‎Kuasa Hukum: Oknum Penyidik Diduga Arahkan Korban KDRT Cabut Kuasa Hukum dan Hubungi di Luar Jam Kerja ‎

(pelitaekspres.com) -PALEMBANG- ‎Kasus dugaan Kekerasan Dalam Rumah Tangga (KDRT) yang menimpa seorang perempuan berinisial MA kembali menarik perhatian publik. Kali ini, persoalan mencuat bukan hanya soal lambannya proses hukum, tetapi juga dugaan pelanggaran etik yang dilakukan oleh oknum penyidik Paminal Polda Sumatera Selatan, yang disebut-sebut telah melakukan komunikasi pribadi dengan korban di luar konteks penyidikan.

‎‎Tim kuasa hukum MA, yakni Muhammad Ricko Prateja, S.H., Sagito, S.H., M.H., dan Medi Rama Doni, S.H., M.H., menyampaikan pernyataan resmi dalam konferensi pers yang digelar di Palembang pada Sabtu (8/11/2025).

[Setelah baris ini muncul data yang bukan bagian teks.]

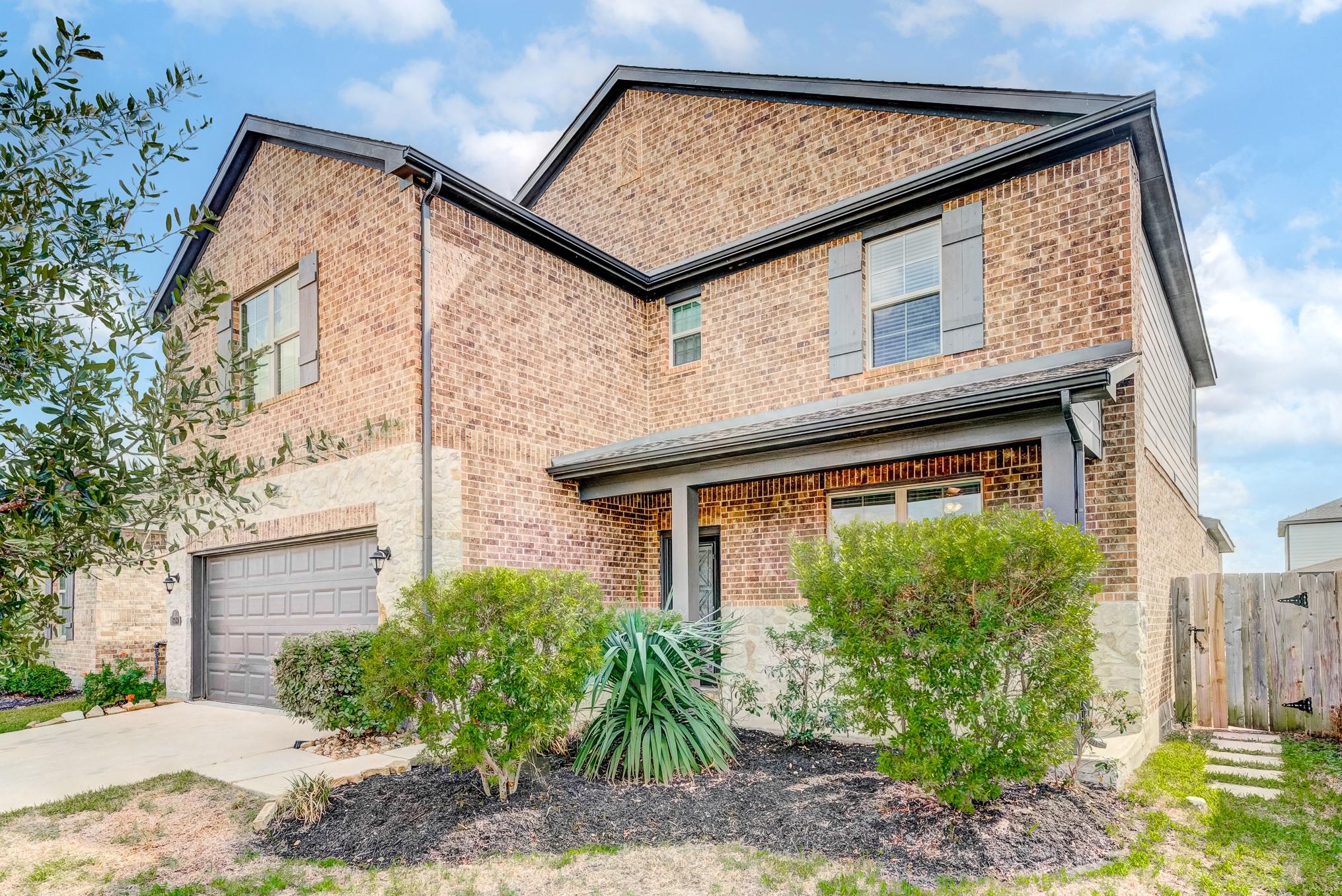23019 Forebear Drive — photo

Mereka menilai tindakan oknum penyidik tersebut sebagai pelanggaran serius terhadap kode etik profesi Polri dan prinsip profesionalitas aparat penegak hukum.

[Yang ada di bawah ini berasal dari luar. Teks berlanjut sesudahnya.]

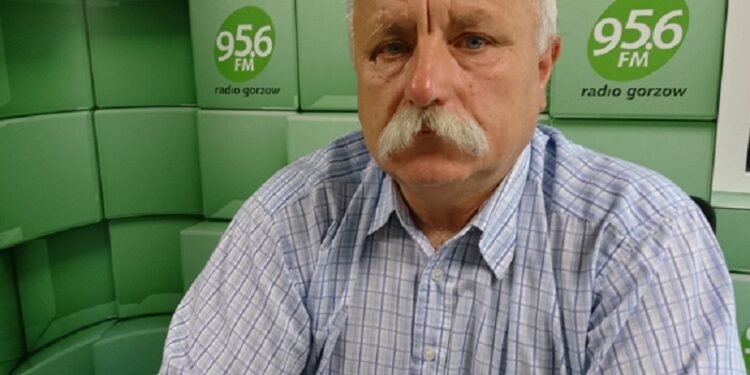 Stanisław Sinkowski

‎‎Dalam pernyataannya, Ricko menjelaskan bahwa pihaknya telah melayangkan laporan resmi ke Divisi Propam Mabes Polri, disertai dengan sejumlah dokumen pendukung seperti Surat Pemberitahuan Perkembangan Hasil Penelitian Propam (SP2HP2), Surat Perintah Penyelidikan, dan bukti administrasi lain yang relevan.

‎‎Menurut Ricko, dari keterangan yang disampaikan kliennya, ditemukan adanya tindakan-tindakan tidak etis yang dilakukan oleh salah satu penyidik Paminal. Penyidik tersebut diduga menghubungi korban secara pribadi, memengaruhi agar korban mencabut kuasa hukumnya, serta melakukan komunikasi berulang di luar jam kerja tanpa alasan penyidikan yang jelas.

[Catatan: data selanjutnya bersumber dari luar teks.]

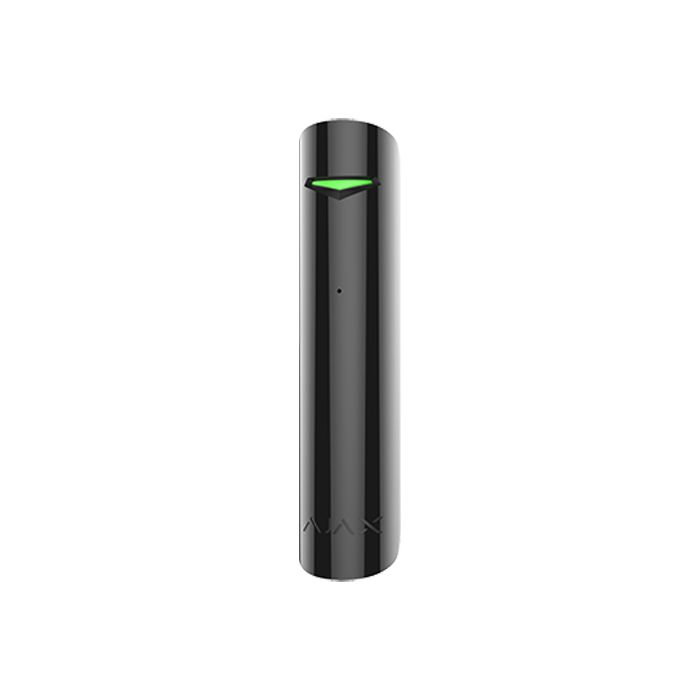 Ajax Glass Protect (Black) main product photo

‎‎“Kami mendapat informasi bahwa oknum penyidik tersebut bahkan mengajak klien kami keluar di malam hari, berbicara hal-hal pribadi yang tidak pantas, dan mencoba melakukan pendekatan di luar konteks profesional,” ujar Ricko.

‎‎Lebih lanjut, Ricko menilai bahwa tindakan tersebut telah melanggar hak korban atas pendampingan hukum, yang merupakan hak konstitusional setiap warga negara sebagaimana diatur dalam Undang-Undang Nomor 18 Tahun 2003 tentang Advokat serta Undang-Undang Nomor 8 Tahun 1981 tentang KUHAP.

‎‎Dalam penjelasan kuasa hukum, oknum penyidik tersebut bahkan mengajak korban untuk melakukan BAP di luar kantor polisi, tanpa surat tugas resmi. Tindakan itu dianggap tidak hanya melanggar prosedur hukum, tetapi juga berpotensi sebagai bentuk penyalahgunaan wewenang.

‎“Ini bukan hanya masalah etika, tapi bisa mengarah pada dugaan penyalahgunaan jabatan dan pelanggaran disiplin berat. Hal semacam ini tentu mencederai integritas institusi Polri,” tegas Ricko.

‎‎Kuasa hukum lainnya, Medi Rama Doni, S.H., M.H., juga menegaskan bahwa laporan ini dibuat untuk menjaga marwah dan kehormatan institusi Polri. Ia menekankan, tindakan penyidik yang bersinggungan langsung dengan korban tanpa kepentingan penyidikan adalah hal yang tidak dapat ditoleransi.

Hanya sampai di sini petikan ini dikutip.